# Iams/Purina/Eukanuba?



## Baylee-Belle-Mia (Mar 12, 2007)

I have a question about dog food... At my house, I have a 1 1/2 year old Boxer, and a 9 month old Doberman. Theyve both been eating Iam's Smart Puppy. I've been getting these coupons printed out at the register for Purina One. I bought a bag of the Purina One (Puppy) and a bag of their usual Iams Smart Puppy and i'm mixing them...thinking about switching them over to Purina One (Puppy). I just dont know which is better for them.

Here's something exciting(for me anyway):
So in the mail today, I got a little folder thing from Eukanuba for new breed-specific formulas they are making for a handfull of breeds. One happens to be for Boxers. In a few months my boxer will start on regular dog food. I'm not sure how Eukanuba is but i'm thinking if its a specific formula for Boxers, then it would be pretty good.

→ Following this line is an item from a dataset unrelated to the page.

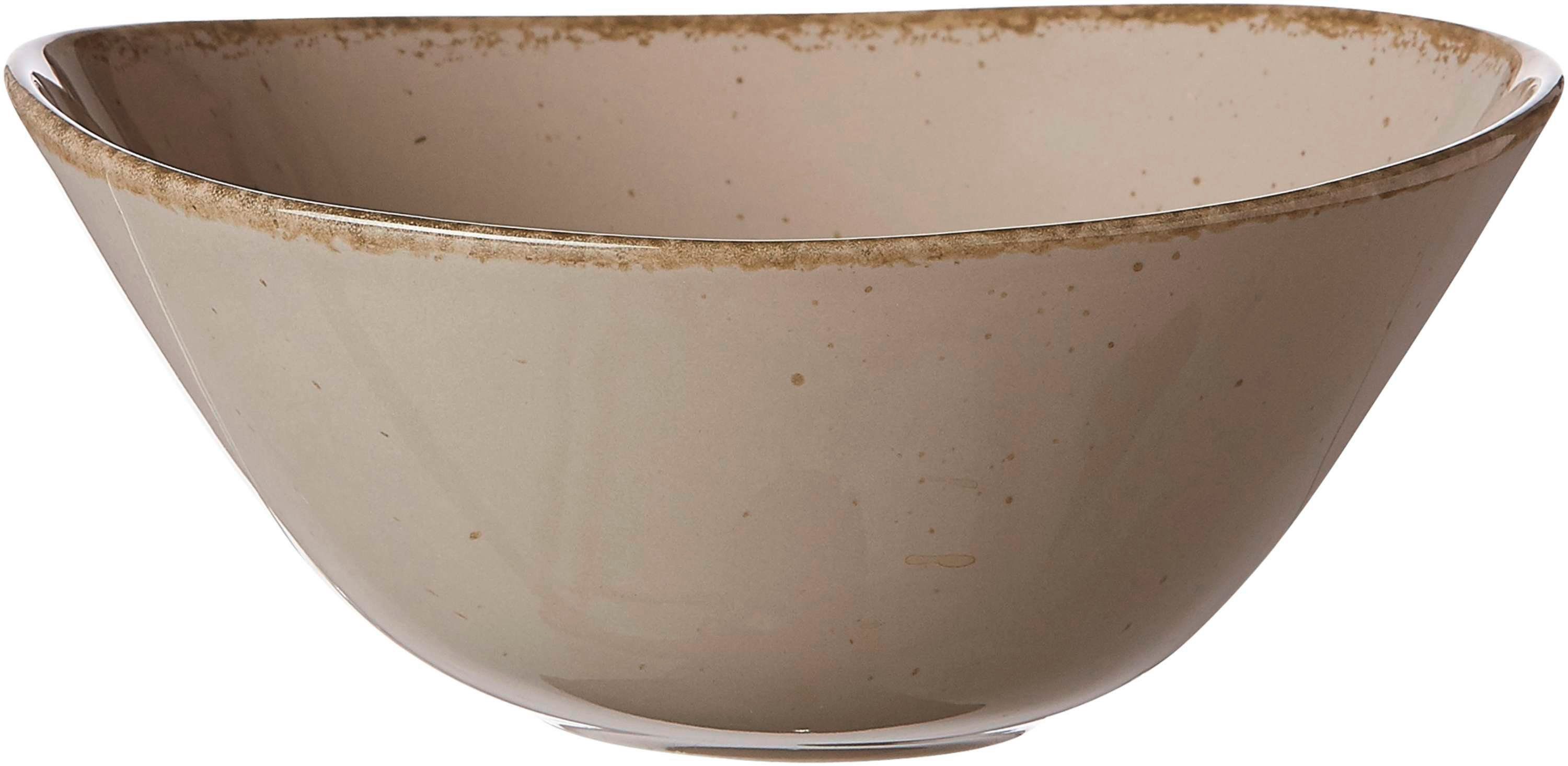 Ritzenhoff & Breker Schale Casa grau Schale oval 19x16,5cm, Porzellan, Spülmaschinefest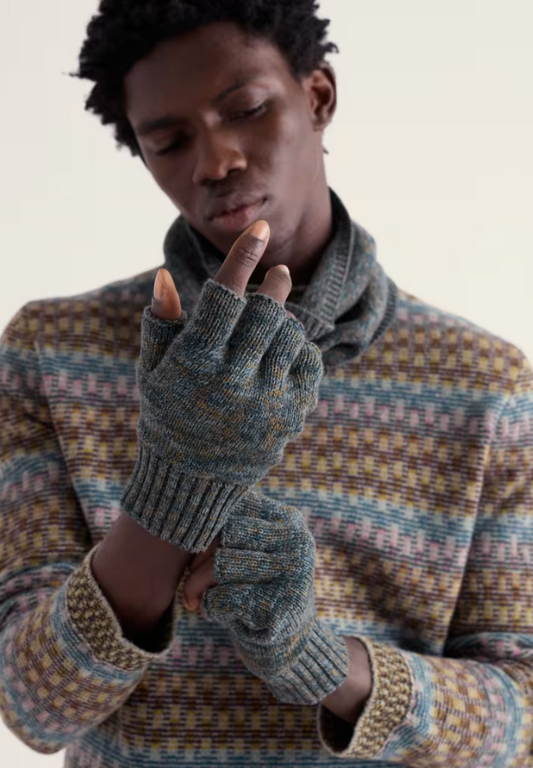 Seasalt Men's Neot Fingerless Gloves Bridging Sea Cave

I guess my question is....for the 9 month old Doberman, is Iams Smart Puppy or Purina One Puppy going to be betterfor her? 
And for my Boxer, when she gets to 2 yrs, is the Eukanuba Boxer formula going to be best? Just looking for some opinions. Thanks!


----------



## 3212 (Feb 4, 2007)

Baylee-Belle-Mia said:


> I guess my question is....for the 9 month old Doberman, is Iams Smart Puppy or Purina One Puppy going to be betterfor her?
> And for my Boxer, when she gets to 2 yrs, is the Eukanuba Boxer formula going to be best? Just looking for some opinions. Thanks!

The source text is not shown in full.